** SUPPLIED DATA follows **
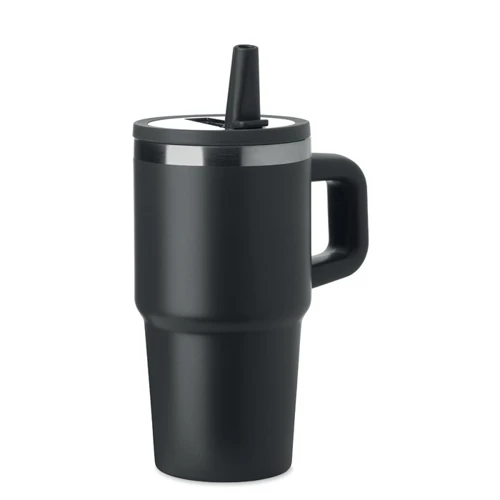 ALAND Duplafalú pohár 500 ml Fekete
** End of SUPPLIED DATA **
** SUPPLIED DATA follows **
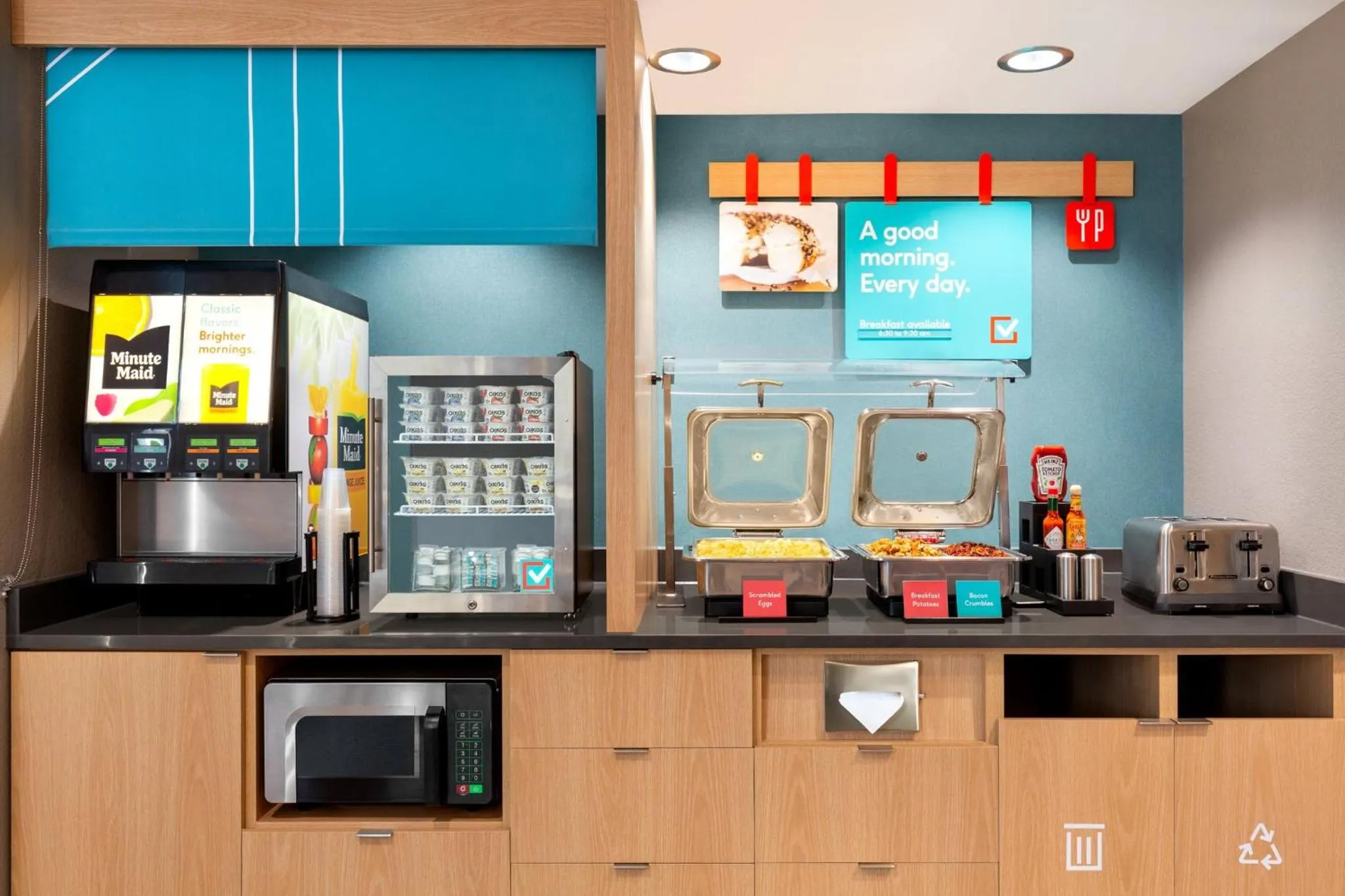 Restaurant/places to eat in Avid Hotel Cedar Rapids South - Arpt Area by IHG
** End of SUPPLIED DATA **
** SUPPLIED DATA follows **
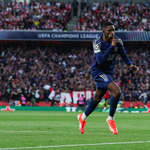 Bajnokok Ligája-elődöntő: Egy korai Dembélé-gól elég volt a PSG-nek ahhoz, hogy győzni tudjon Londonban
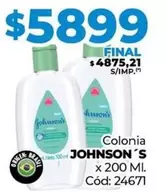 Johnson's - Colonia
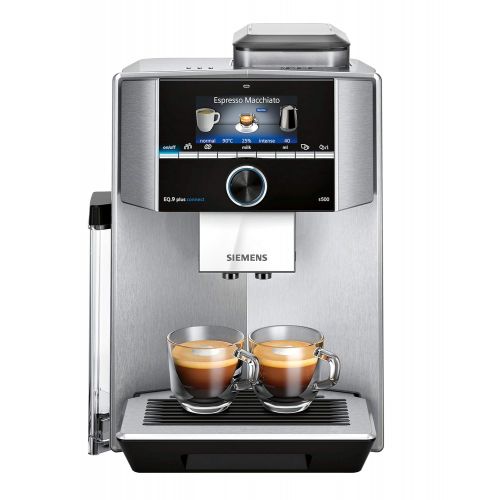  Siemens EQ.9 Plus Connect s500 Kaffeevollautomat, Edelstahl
** End of SUPPLIED DATA **
▸ **PROBLEM STATEMENT**:
Give back exactly the lines above that run from the one with "Bajnokok Ligája-elődöntő: Egy" to the one with "Siemens EQ.9 Plus", including both, with the pictures left out.

▸ **SOLUTION TO THE PROBLEM**:
 Bajnokok Ligája-elődöntő: Egy korai Dembélé-gól elég volt a PSG-nek ahhoz, hogy győzni tudjon Londonban
 Johnson's - Colonia
  Siemens EQ.9 Plus Connect s500 Kaffeevollautomat, Edelstahl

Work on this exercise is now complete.